Isn't Wales breathtakingly beautiful?

I swear I always said so.

Even though I refused for years to step across the border, and okay, maybe in 2008 I did so by accident and became slightly hysterical and ran back over the field to England where I was sure I would not be cursed, stabbed, maimed or otherwise assaulted and have my naked torso dragged behind a horse.

I'm sure I never thought that. Never about anyone with a Welsh heritage being capable of violence towards my English head, because that would be WRONG and BAD.

And anyway, say if I did, well, you can't pin on me the label that I am a screaming racist against the Welsh because my fears are merely sublimations from my several points of special insight.

First, I have (apparently), an entire extended family of Welsh people. I think I have met one or two of you at funerals, so please do not find this blog. But yes, I have married into a family proud of their Welsh connections to scholars and poets. So there.

Second, I have heard insider tales about the cultural elite of the Welsh and I cannot say the literati come out well.

Third, because the extended family are in Wales, I jolly well know how parochial and small-minded they can be. I mean, you cannot select and draw to the forefather's bosom only one member of a family on the basis that their middle name is Madoc and 'they look a bit Welsh'.

Fourth, I suffered my thirteenth birthday in Swansea. I had a miserable time of it. By miserable, take the full teenage experience of profound, deeply, life critically, death-formingly horrible pain. I subconsciously must have decided death was a better option than what lay ahead, since I came home and set about trying to achieve it. Swansea should take the blame for starting it all.

So you see, I am safe with my Welsh-fear heritage.

But it doesn't stop land in Wales being achingly beautiful, and I immediately wish we were staying for much longer. Then I could walk some proper sights, rather than drive-thru Snowdonia en route to Anglesey.

Now, because grit's day is, in part, a blog able to be read by a woman chained to a desk at a council office in the shires, where she has been given a shed load of home ed files to sullenly stare at, then have this. Our home educational experience for today. I wish you a moment to pause and reflect on the usefulness of your job sheet, and I bet your annual holiday is a long way ahead. Out here the sun is shining, the wind is gently blowing, and I don't have no boxes to tick.

Record 1: Visit to Parys Mountain and Amlwch's Port to explore The Copper Kingdom. This thoughtful, well-equipped, and beautifully presented museum sits in a geopark of worldwide status. Material indeed for the gritlets in their general geography studies and in particular for Squirrel's love of rocks.

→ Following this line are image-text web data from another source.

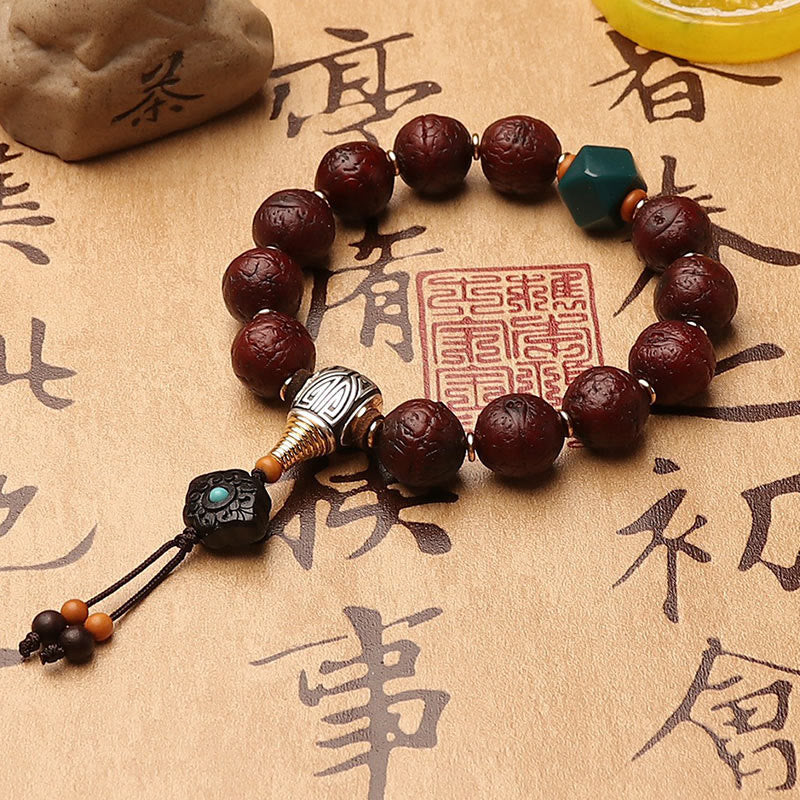 Mala tibétain unisexe en graines de Bodhi | Porte-bonheur et richesse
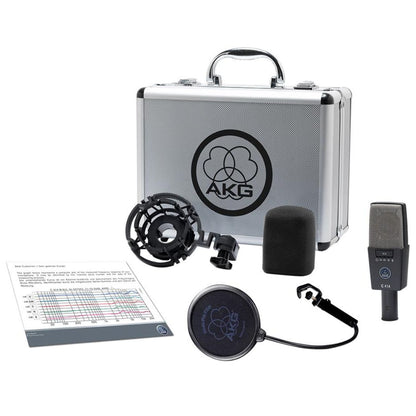 AKG C414 XLS | Micrófono de Condensador Profesional Multipatrón de Diafragma Grande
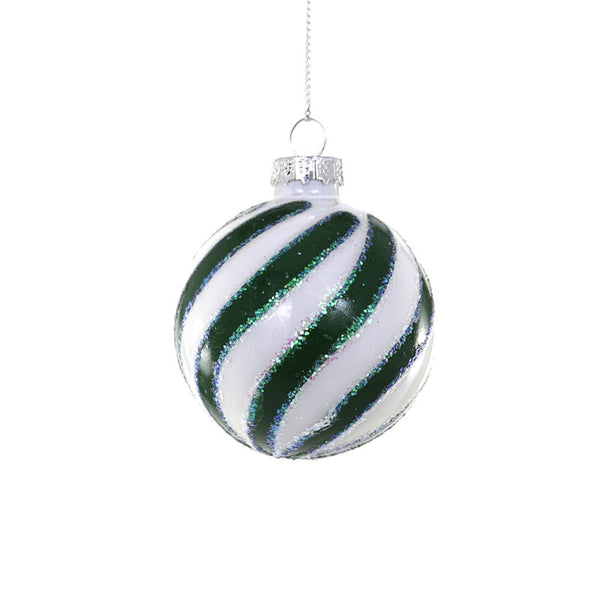 Bright Swirl Stripe Ornament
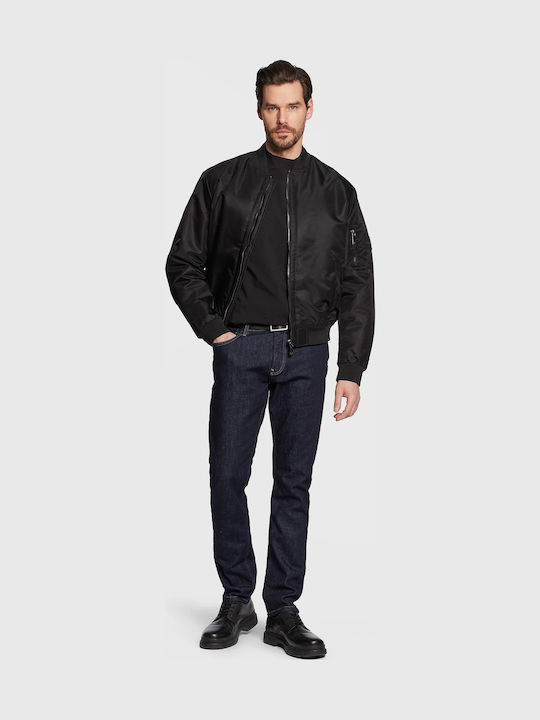 Pantaloni Jeans pentru Bărbați Clătiți albastru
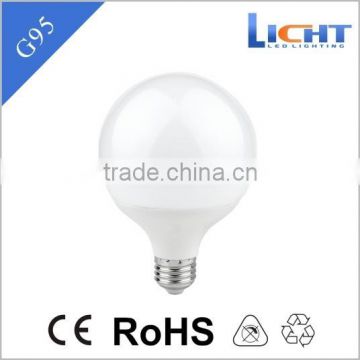 2016 new price led bulb plastic G95 15w E27 led lights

Record 2: Walk along the North Anglesey coastal pathways for lessons in geology, coastal geography, history of Christianity, and rock climbing.

Our lovely friend and walking leader Chris is really a goat, merely in human form. She springs about these rocks, bringing their points, pitfalls, and sunken pools of water to life with her stories of growing up alongside them, how they change and stay the same, and how her sister nearly drowned. For that, you can tick Geography (twice), History, English, and languages. (Welsh.)